Here at home, after an initial stock market crash wiped out billions of investment dollars in a few days, the blowback from the UK vote has been largely positive, although that could certainly change. The Dow rebounded nicely, giving back what it had taken and the run on bonds has had the usual effect on mortgage rates. Freddie Mac puts the current 30-year fixed rate at 3.41%. This is down 15 basis points over the last two weeks and only 10 basis points higher than the lowest-ever rate reached in November 2012.
The record and near-record low rates have revived refinancing–again. The Mortgage Bankers Association said its Refinancing Index surged by 21% from the week before and the refinancing share of loan applications topped 60% for the first time since last February.
Refinancing has proven to have more lives than the average cat and it may not be over yet. Back in March, after rates had dropped back significantly from the late 2015 spike that pushed them into the 4% range, Black Knight Financial Services did an analysis of the "refinanceable" population of homeowners. The company estimated the 30 basis point decline to that date in 2016 (the 30-year fixed rate was 3.65%) had increased the numbers of those who could potentially benefit from refinancing by about 1.5 million or 30% to a total pool of about 6.7 million homeowners. The analysis was based on borrowers with existing rates in the 4.5% range.
The company also set forth a scenario under which another 15 basis point decline, taking the 30-year rate to 3.50%, would provide a refinance opportunity for another 2.1 million borrowers. Given where the Freddie Mac rate is today, refinancing appears to be a long way from dead.

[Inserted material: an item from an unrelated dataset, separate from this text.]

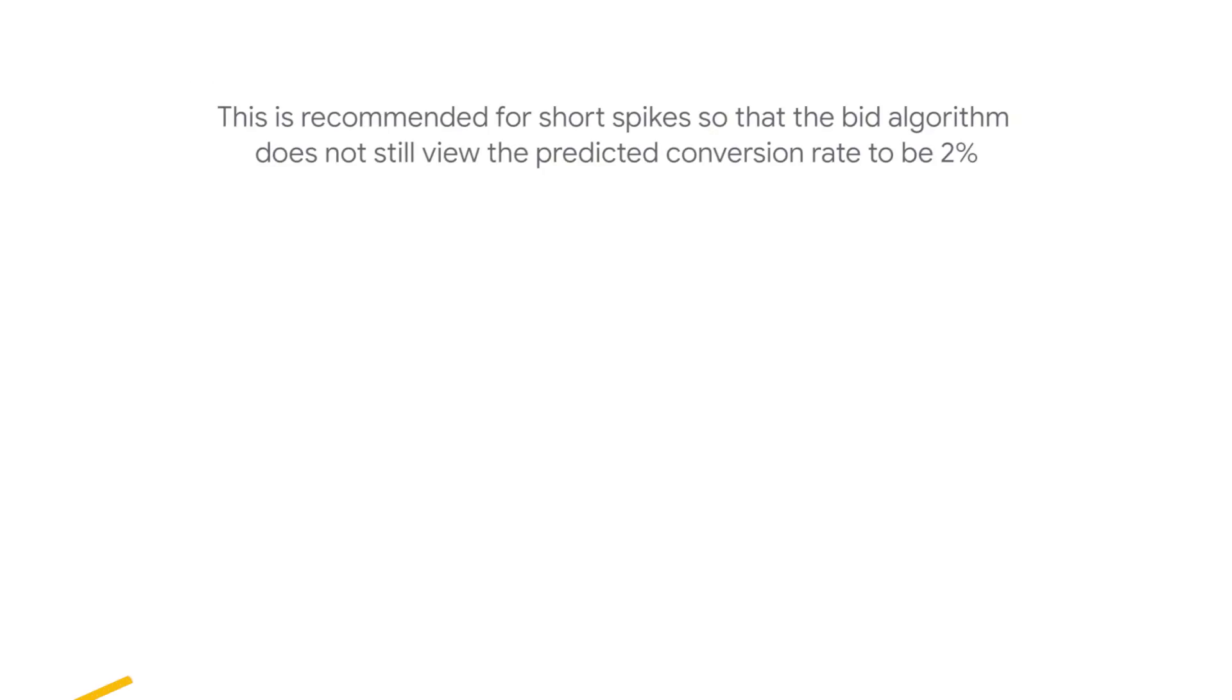This is recommended for short spikes, so that the bid algorithm does not still view the predicted conversion rate to be 2%. Keep in mind that these metric adjustments are not recommended for video or shopping campaigns.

The first of the May price indexes is in, this one from CoreLogic, and it appears that the long-prophesized deceleration in price increases may finally be occurring. Prices gained 1.3% from April in the wake of the two previous months which had average increases of 1.95%. Year-over-year increases in the company's Home Price Index have diminished every month since the beginning of the year, from 6.9% in January to 5.9% in May.
Quite a good week for those looking to buy or refinance.